Claire Luckham’s play is a wonderful mix of physical theatre, live music and wrestling. Yes, all the actors need to be able to sing and to wrestle.
Trafford Tanzi is set in a wrestling ring and is almost vaudevillian at times.The audience is encouraged to boo and whistle and cheer and the action of the story is told through wrestling holds and throws.
REFEREE: Ladies and gentlemen, The Trafford Tanzi Story. See Tanzi grow from nappies to netball. Watch her fall in love, discover the harsh realities of the wrestling world, invent that deadly hold the Venus Flytrap. See her use it to destroy her enemies as she climbs to the top of her profession. […] In the red corner, ladies and gentlemen: Trafford Tanzi. There she is, and she’s just toddling. She’s one year old.
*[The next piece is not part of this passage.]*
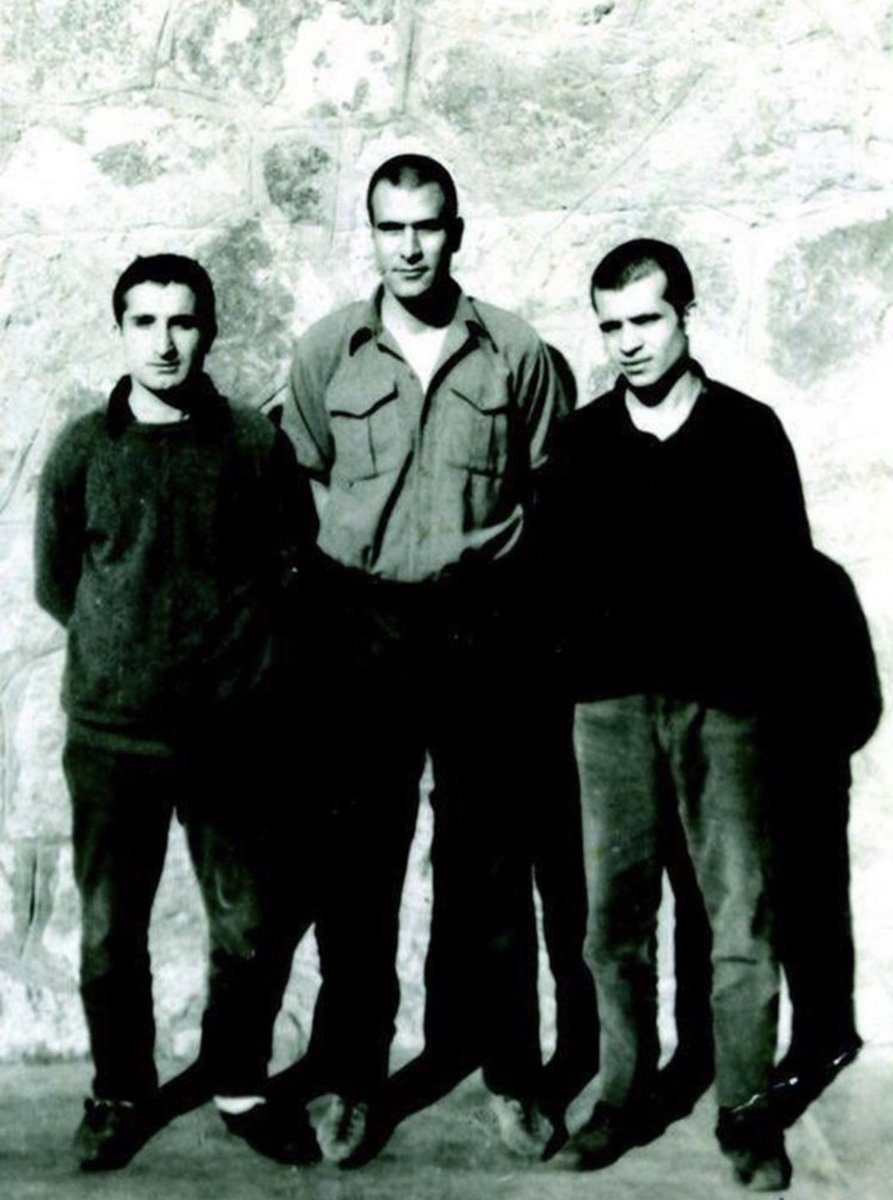 solcugazete's tweet photo. 51 sene önce bu gece, gencecik 3 güzel insanı astılar…

#6Mayıs1972 https://t.co/aV7fWlFs3d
A baby. (TANZI falls over and goos.) In the blue corner, her opponent for Round One, her mum, a mum in a million.
Tanzi’s mum calls her daughter over and then pushes her over and sings a song about how disappointing it was to have a girl, while ‘head maring’, ‘posting’ and ‘punching’ her daughter.
The play has a wonderfully surreal quality as it plays with stereotypes, juxtaposes parental and schoolyard taunts with the world of professional wrestling and turns verbal slights into physical abuse. When Tanzi’s husband puts her down, it’s literal as well as figurative. When her Dad browbeats her, her head really does get slammed into the floor.
DAD: (Applying pressure to various ‘leg locks’) Get yourself a decent feller. One that’ll want to marry you, not fiddle about with you up them back alleys. Come on. It’s all your Mum and Dad ever wanted.
TANZI: But it would be the same as up them alleys except I’d be married. (She tries to raise her head through this next but Dad keeps slamming it back.) I don’t want to get married. (Slam.) I want me independence. (Slam.) I want a career. (Slam.) I want to be somebody! (Slam.)
DAD: Somebody! A slut, the way you’re going on. A wife is somebody, isn’t she? Are you saying your mother isn’t somebody?
The play is a strongly feminist piece about a woman finding her own strength and courage but I also liked the way it played with the highly theatrical and staged world of professional wrestling. Trafford Tanzi resonates and amuses on lots of levels.